:: Exercise description ::
Could you restate, exactly and with nothing added, the lines from the start of the data through the line that holds "Men's Beige Ocean", leaving the pictures out?
[Opening Data section]
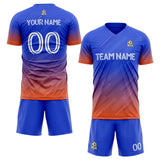 custom soccer set jersey kids adults personalized soccer blue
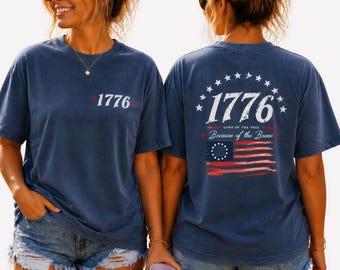 Comfort Colors® 1776 T-Shirt, Land of the Free, Front and Back Print, 1776 Patriotic Tee, Vintage 4th of July, Distressed USA Flag Shirt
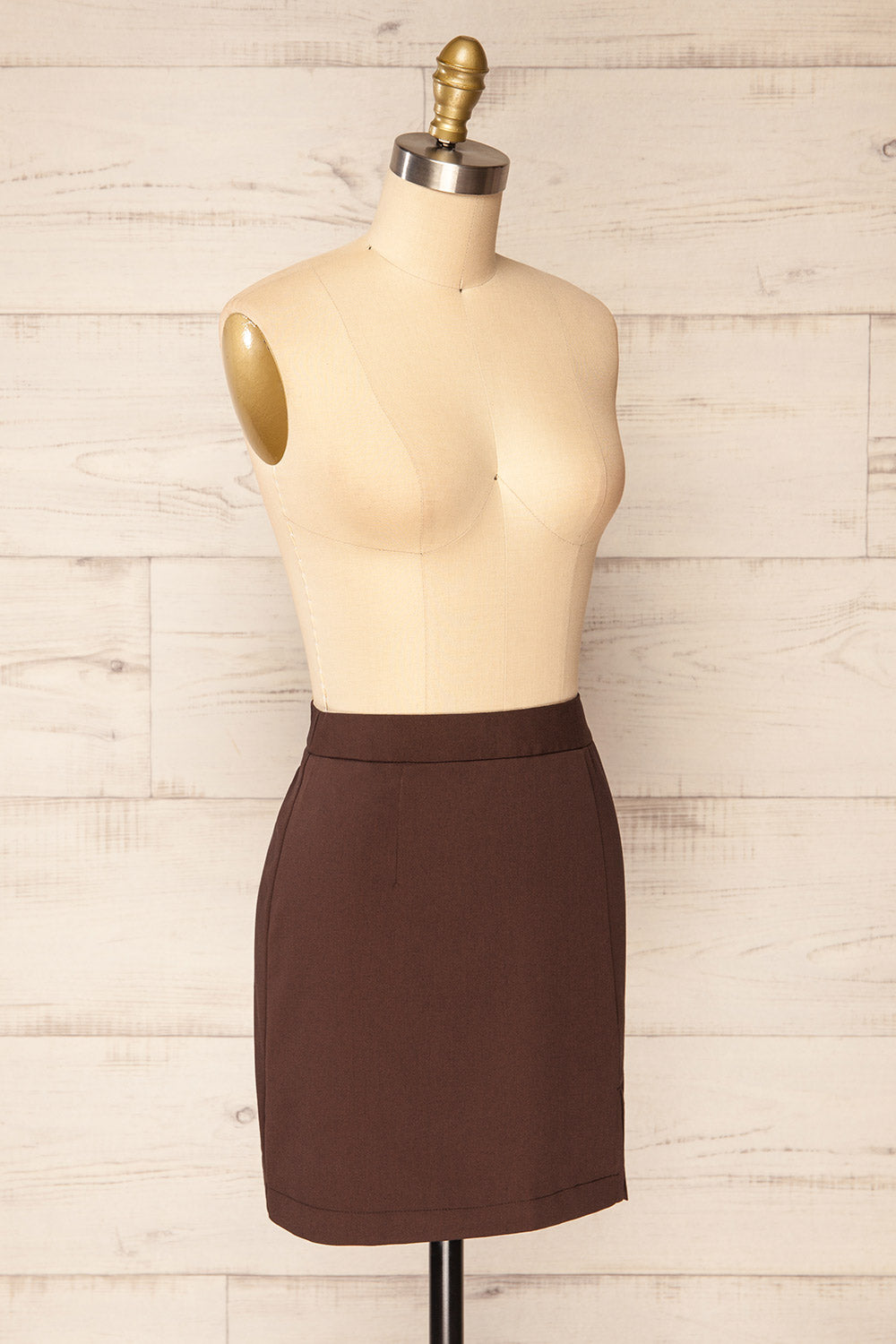 Rivas Brown Short Skirt with Slit | La petite garçonne side view 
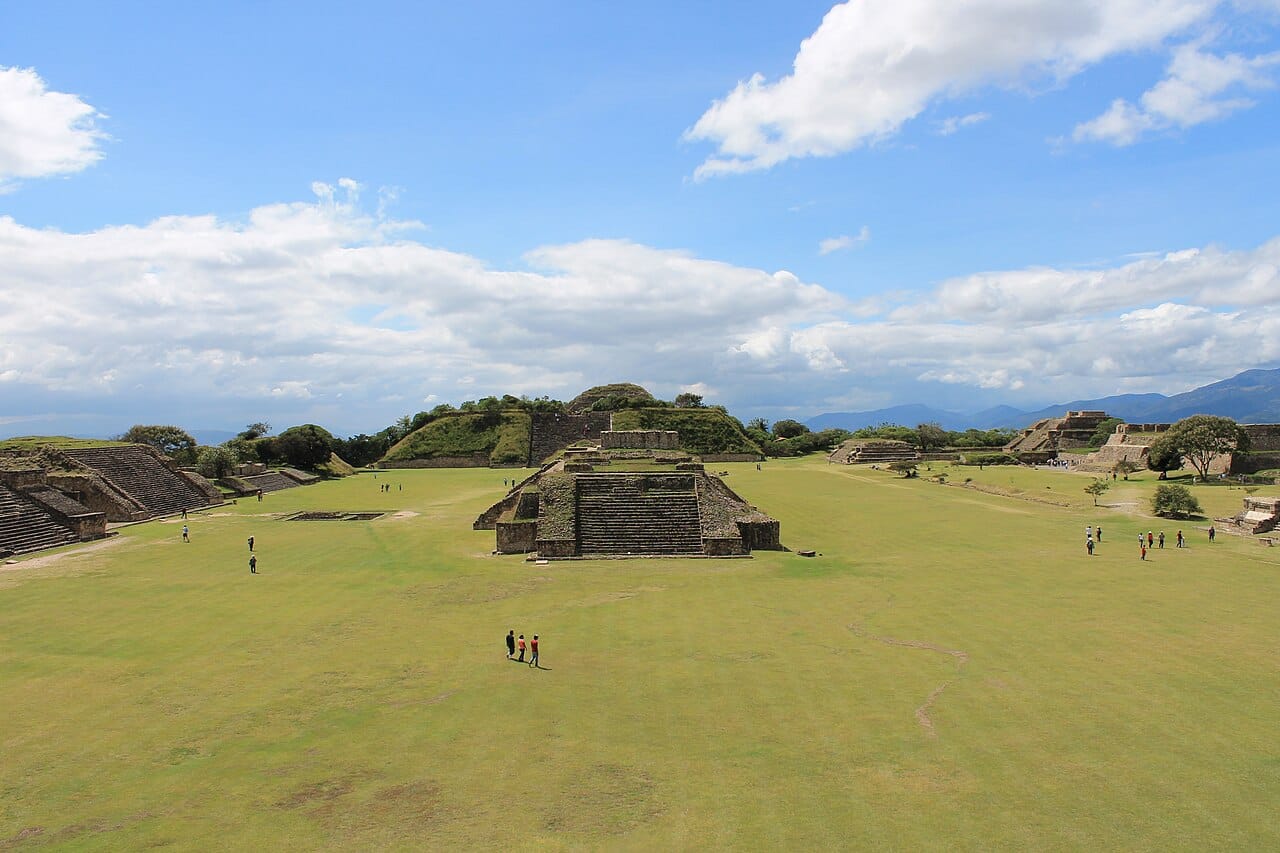 Monte Alban Oaxaca main plaza panorama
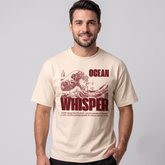 Men's Beige Ocean Whisper Graphic Streetwear T-Shirt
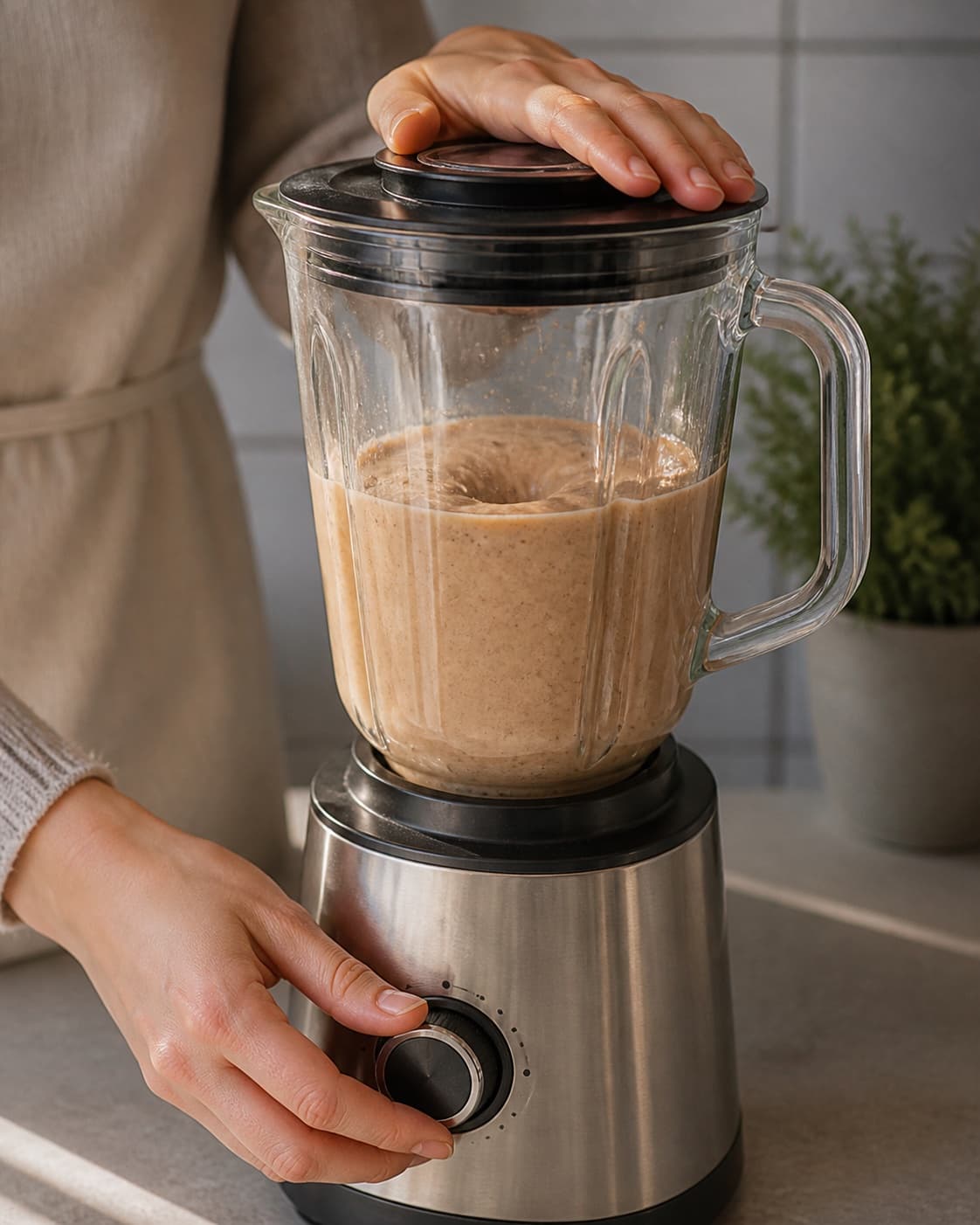 One single photorealistic instructional frame of the final colorful smoothie blending until thick and uniform for Banan Lakrids Smoothie, featuring banan, lakridspulver, mælk, with only the named equipment and no unrelated food, text, logos or packaging under tilberedningen af banan lakrids smoothie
[Closing Data section]
:: Result ::
 custom soccer set jersey kids adults personalized soccer blue
 Comfort Colors® 1776 T-Shirt, Land of the Free, Front and Back Print, 1776 Patriotic Tee, Vintage 4th of July, Distressed USA Flag Shirt
 Rivas Brown Short Skirt with Slit | La petite garçonne side view 
 Monte Alban Oaxaca main plaza panorama
 Men's Beige Ocean Whisper Graphic Streetwear T-Shirt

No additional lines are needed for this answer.